Speaking of Oprah, remember James Frey? A former Gawker intern, Frey is probably better known for the time he made up a best-selling memoir and Oprah yelled at him. Well, he's got a new venture, and it sounds absolutely terrifying.

It's called Full Fathom Five, and it's a fiction factory. As described in this New York Magazine article, Frey basically scoops up young writers in MFA programs, locks them into a pretty shitty contract: $250 for a completed manuscript; 30-40 percent of any revenue that might come from the project—but, oh, there's no audit provision, so you can't actually see exactly how much revenue there is. Then Frey works with them to create highly commercial, highly serializable, film adaptable, product placeable series of young adult fiction. The shop has 27 writers churning out 28 potential series, according to the Wall Street Journal.

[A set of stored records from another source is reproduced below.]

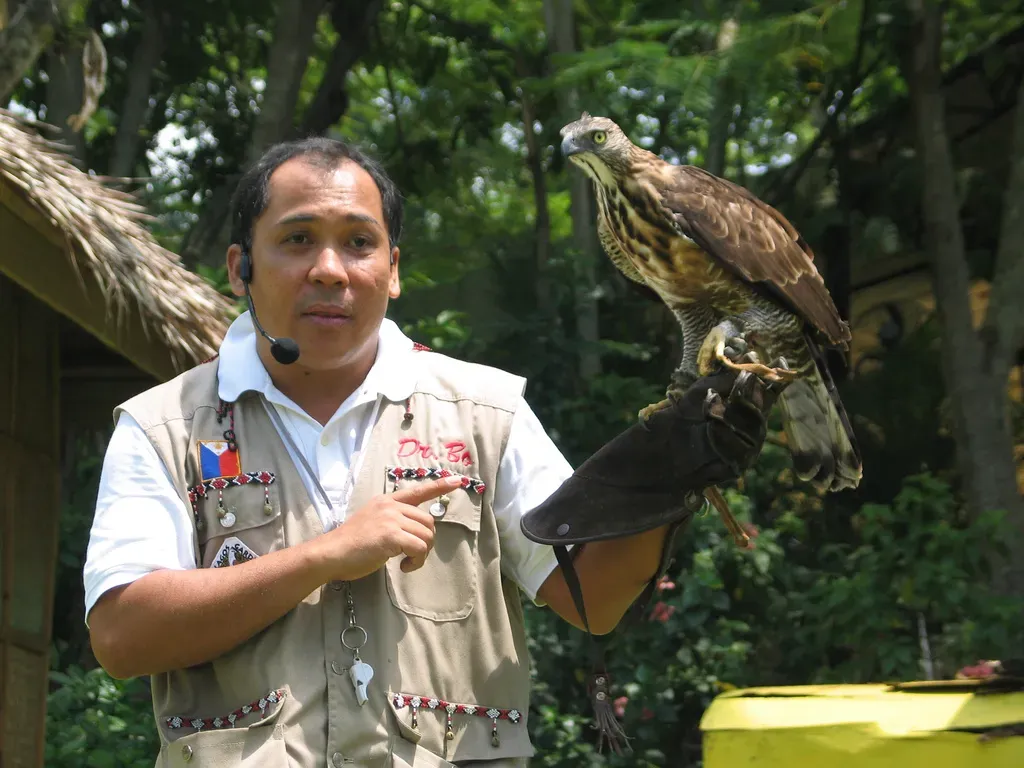 File:Nisaetus philippensis -Malagos Garden Resort, Davao City, Philippines-8a.jpg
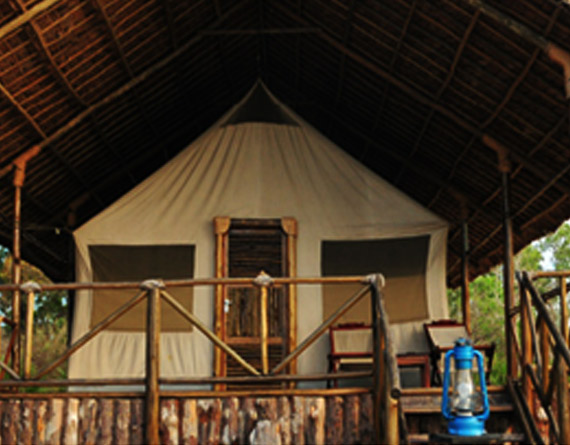 Selous Riverside Safari Camp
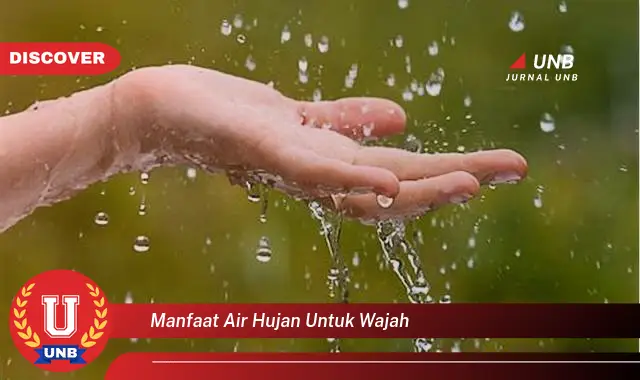 manfaat air hujan untuk wajah manfaat air hujan untuk wajah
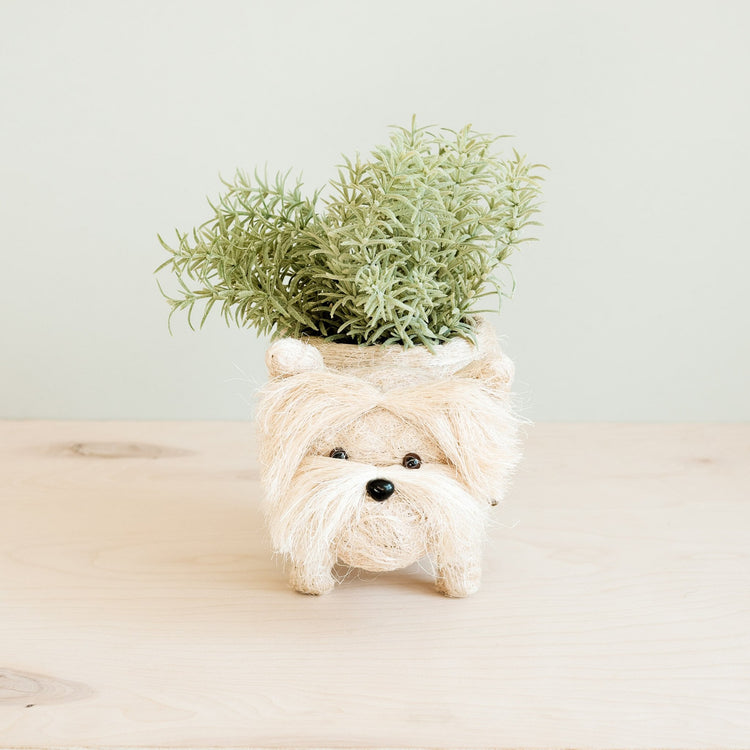 Westie Planter - Coco Coir Pots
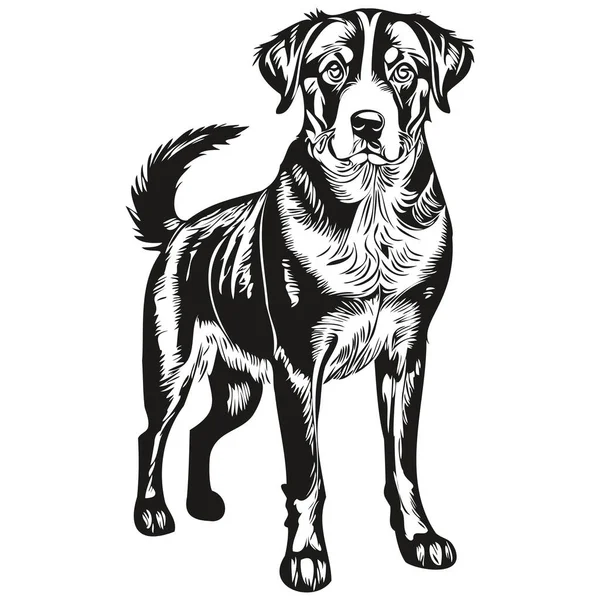 Entlebucher Dağ Köpeği Tişörtü Siyah Beyaz Sevimli Komik Çizim Vektörü — Stok Vektör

Full Fathom Five's main success has been I Am Number Four, a sci-fi novel that hit the best-seller lists and is now being adapted by Michael Bay and Steven Spielberg into a Dreamworks film. Suzanne Mozes, once a potential contractor with Full Fathom Five, describes in the New York article a meeting she had with Frey about her own idea:

He encouraged me to start imagining product placement-"think Happy Meals"-because merchandise is where you make money in these deals. He mentioned the Mogadorian swords in I Am Number Four, which were described with unusual specificity. "We added that after Spielberg told us he needed stuff to sell."

Whew. It's like Judy Blume meets the Borg. On the plus side, it's nice that James Frey is helping to crush a new generation of writers' lofty aspirations before they get out of school and have to figure out how fucked up everything is for themselves.